By the time I left the RSC, not only did I have a plan, I had a plan to achieve my plan. I told the women at the RSC the good news and bad news about my reentry process. I said to them, “Reintegrating is not an overnight process. In fact, someone asked me recently how long it takes to reintegrate and I am still baffled by that question.”
I have been home for three years and sometimes I feel like I just came home. There are layers to this process and there are many dimensions to reentry, one of which is recovery. It’s easy to be clean and sober in the institutional setting. The challenge is what happens when you are released and you are forced to face the demons within and the obstacles to success.
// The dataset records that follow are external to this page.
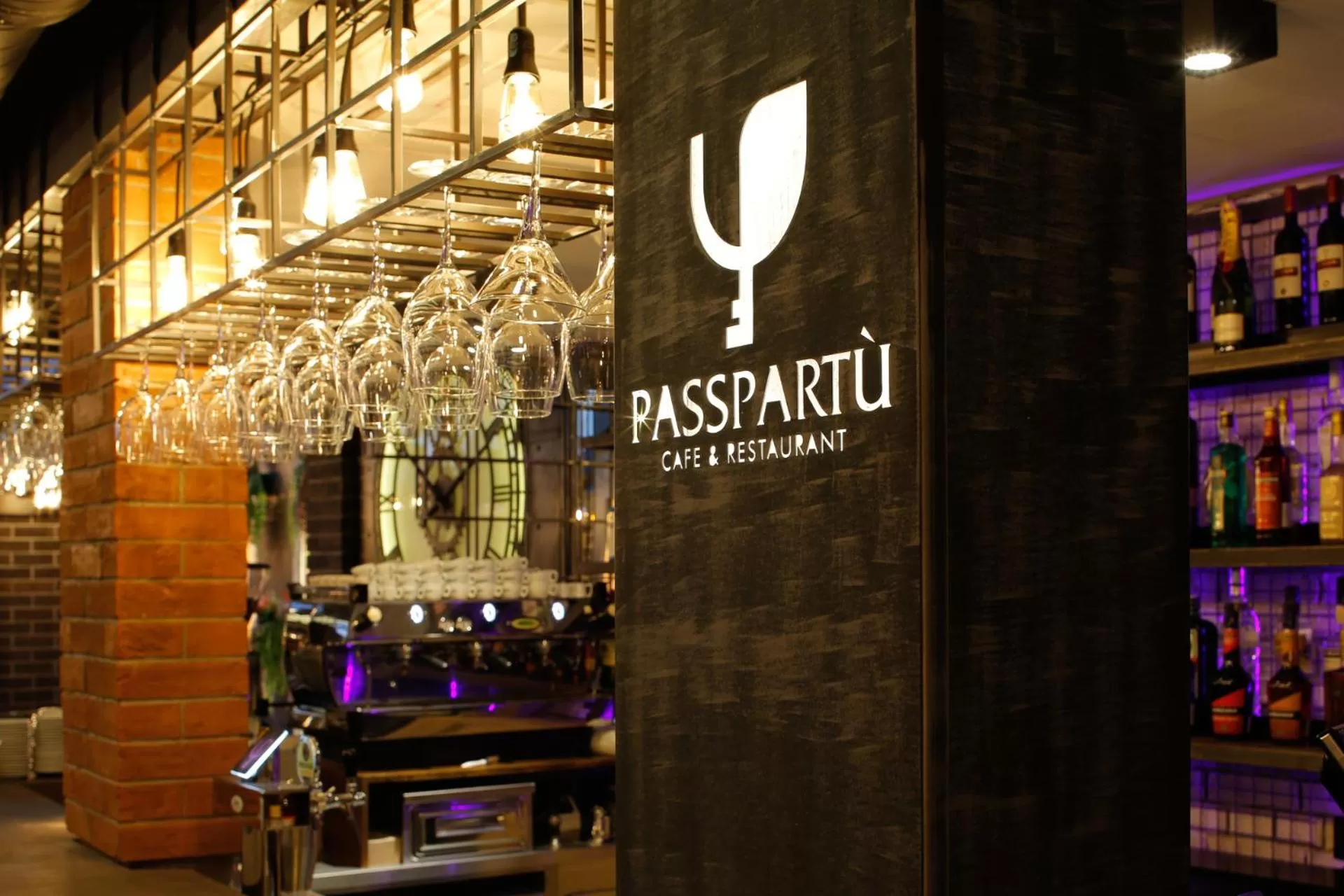 Restaurant/places to eat in Hotel Passpartù Home Garni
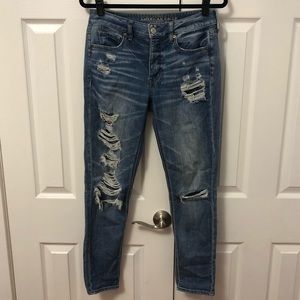 AEO Tomgirl Distressed Medium Wash Jeans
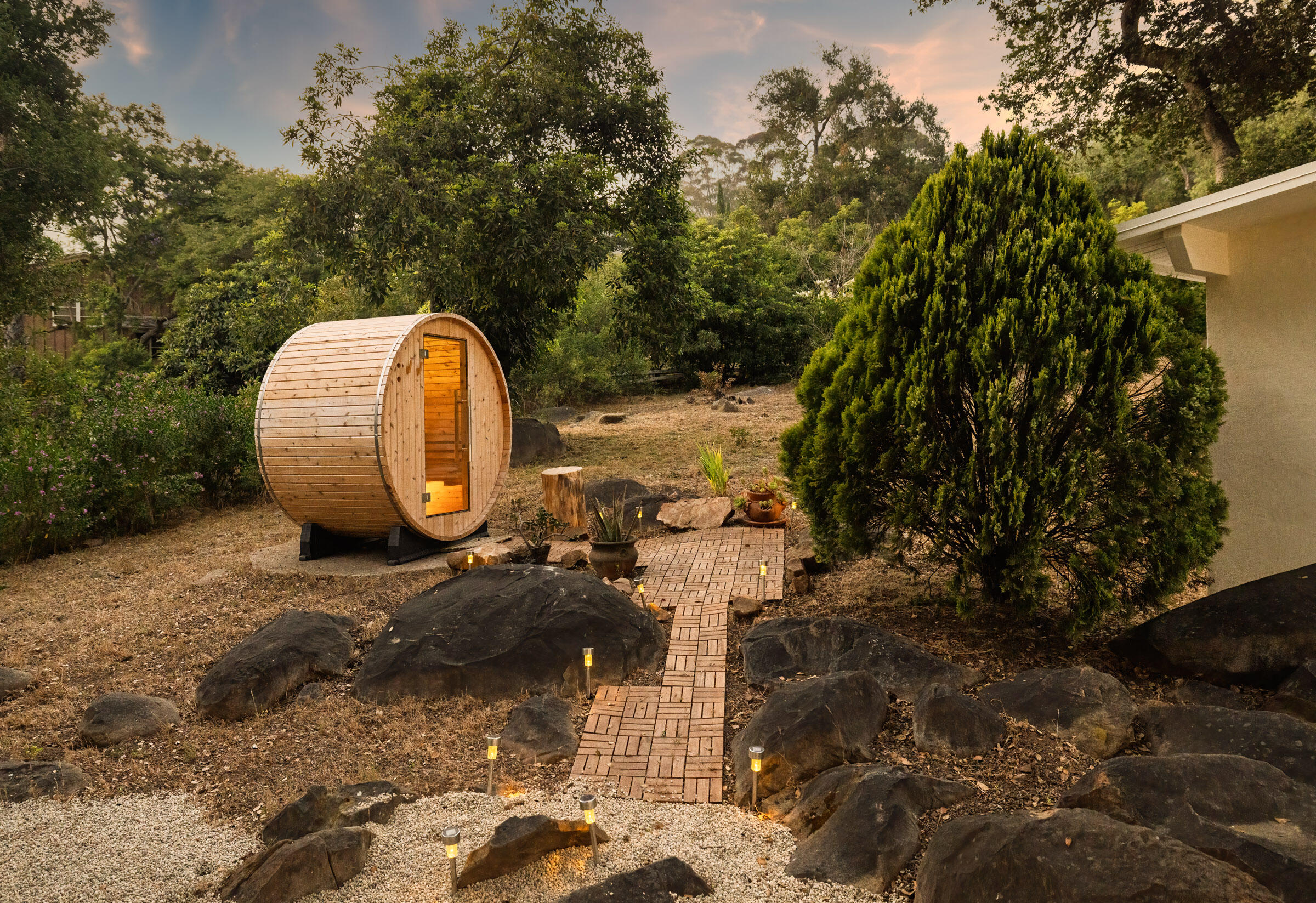 Santa Barbara, California 93108, United States, 3 Bedrooms Bedrooms, ,1 BathroomBathrooms,Residential,Active,153285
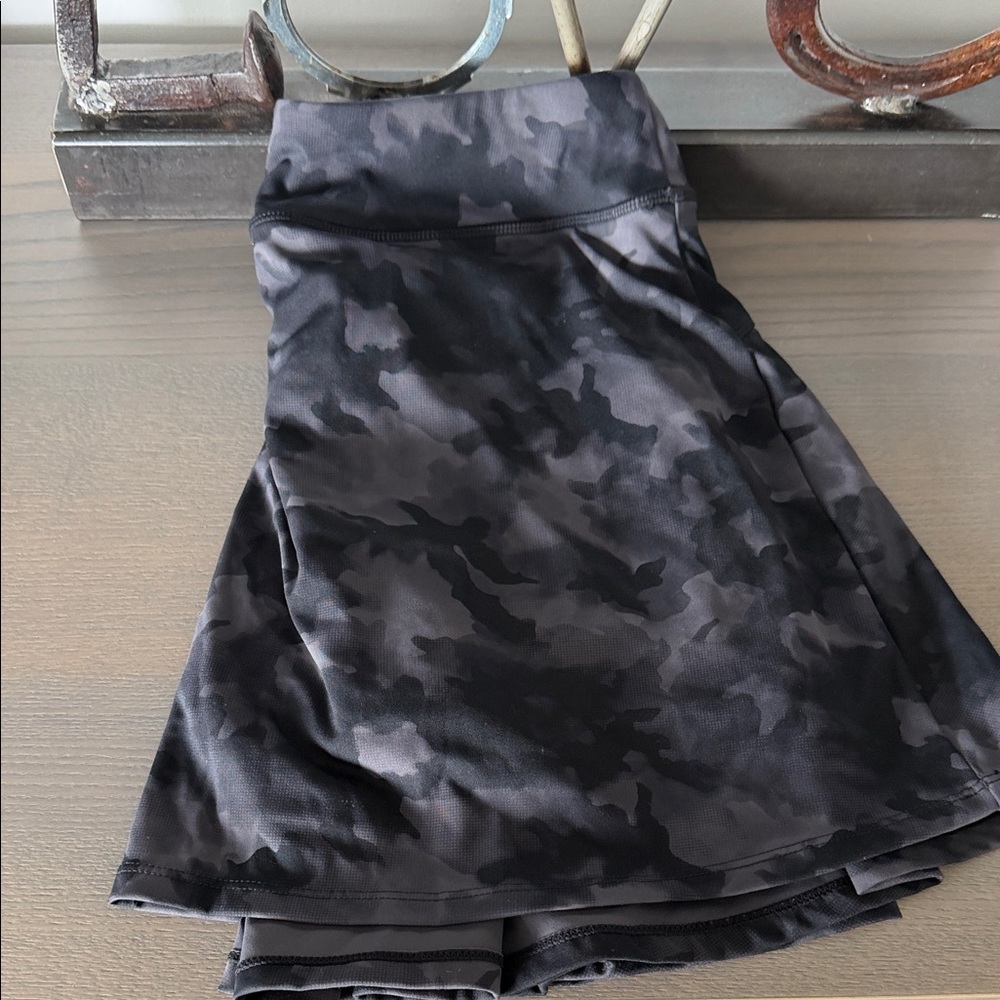 Stelle Black Camouflage Skort, size medium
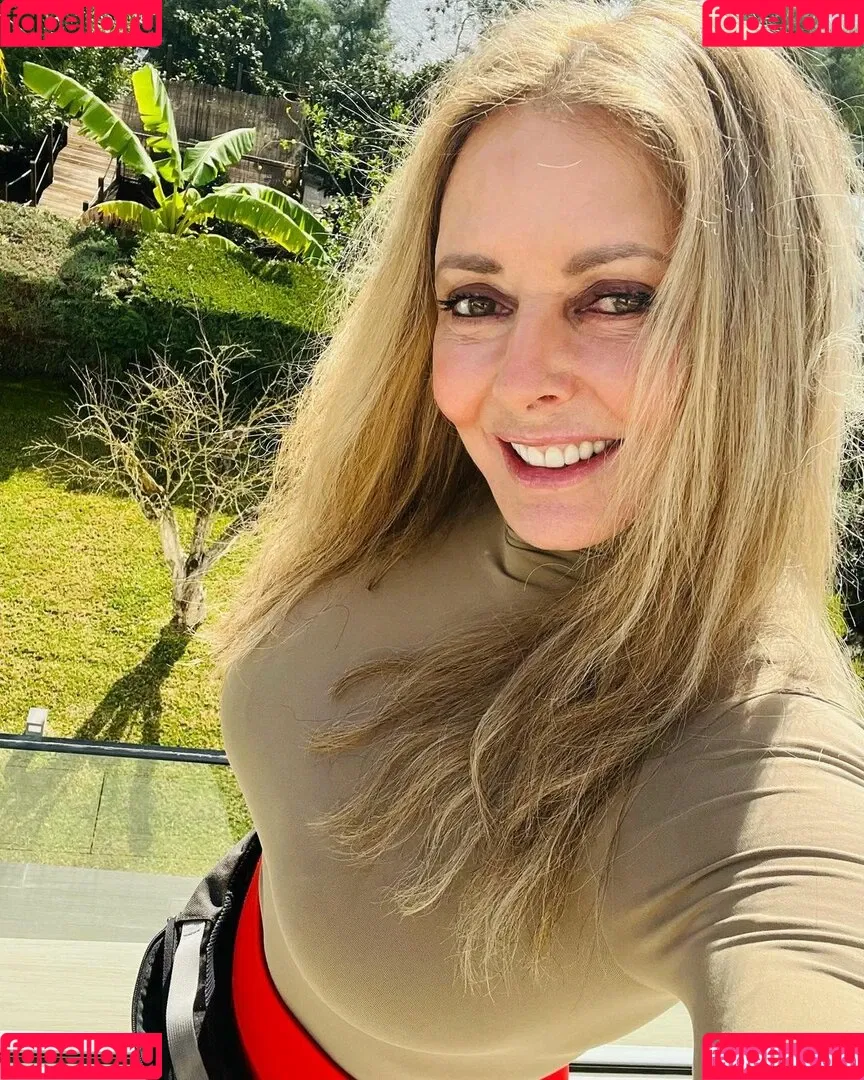 Carol Vorderman Onlyfans Photo Gallery 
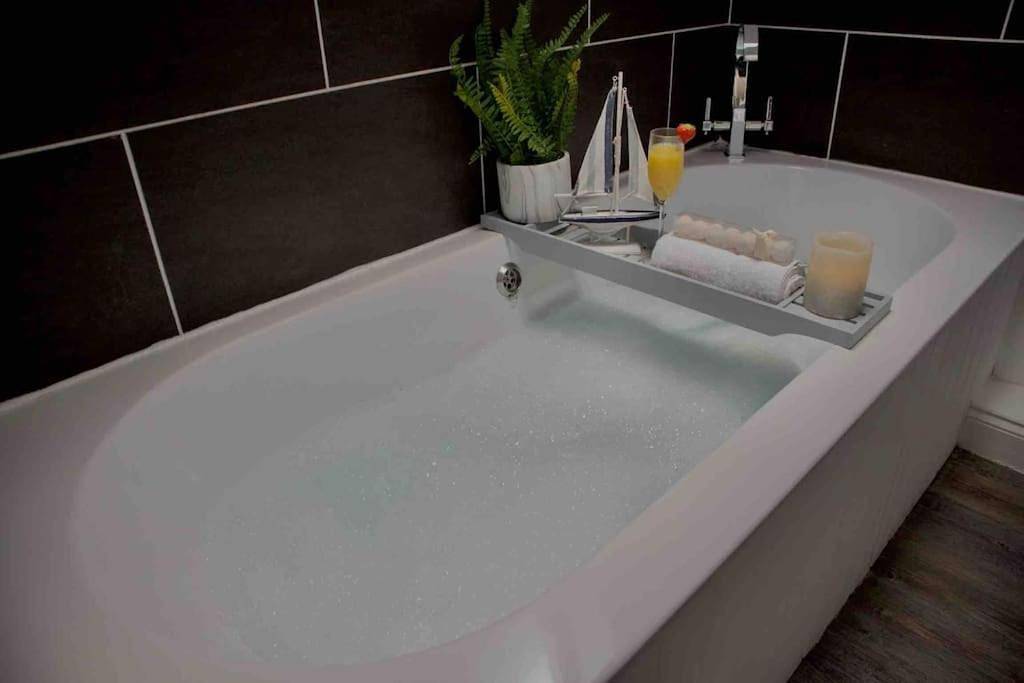Entire apartment, Two-Bedroom Apartment in Roker, Sunderland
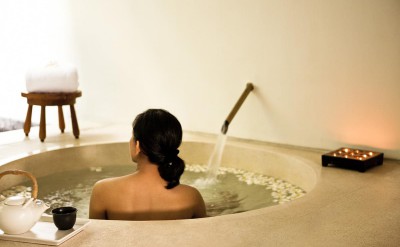 UMA SPA BATH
Three years after leaving the RSC I was blessed with the opportunity to go back there yesterday, share my experiences, strength, and hope and talk to the women currently housed there. It was breathtaking and thought provoking.
Two women who were at the RSC when I was there were back at the RSC again. When I saw them I had to take a step back and do a doubletake. They were both recently released from prison, again, after a relapse and re-arrest.
I later learned that several other women were also completing the RSC Program for the second time. When I asked them what was different this time one of them said, “This time I’m listening. I decided to take the cotton out of my ears and put it in my mouth.” The other spoke at length about the triggers that caused her to relapse. She mentioned boredom, the lack of social support and an in ability to connect with a sponsor.
Another woman spoke honestly about the fact that she relapsed into her addiction even though she didn’t want to. According to her, she had no excuse. Another spoke about using drugs knowing it would send her back to prison because she was so desperate to bury the pain and anger that stem from the abuse that she suffered as a child. All of the women professed to being weary and downright “sick and tired” of using drugs, because using drugs always lands them in prison.
Interestingly, the consequences of drug abuse, such as having sex for money, losing children and developing disturbing mental health problems, lead them to more drug abuse. I found myself out of my element as I listened to these women. I was at a loss for words.
I did manage to tell them about the power of affirming and practicing positive thinking and creating the life they want for themselves, but deep down inside I was stunned by the complexity of the disease of addiction. It is baffling, cunning and .progressive.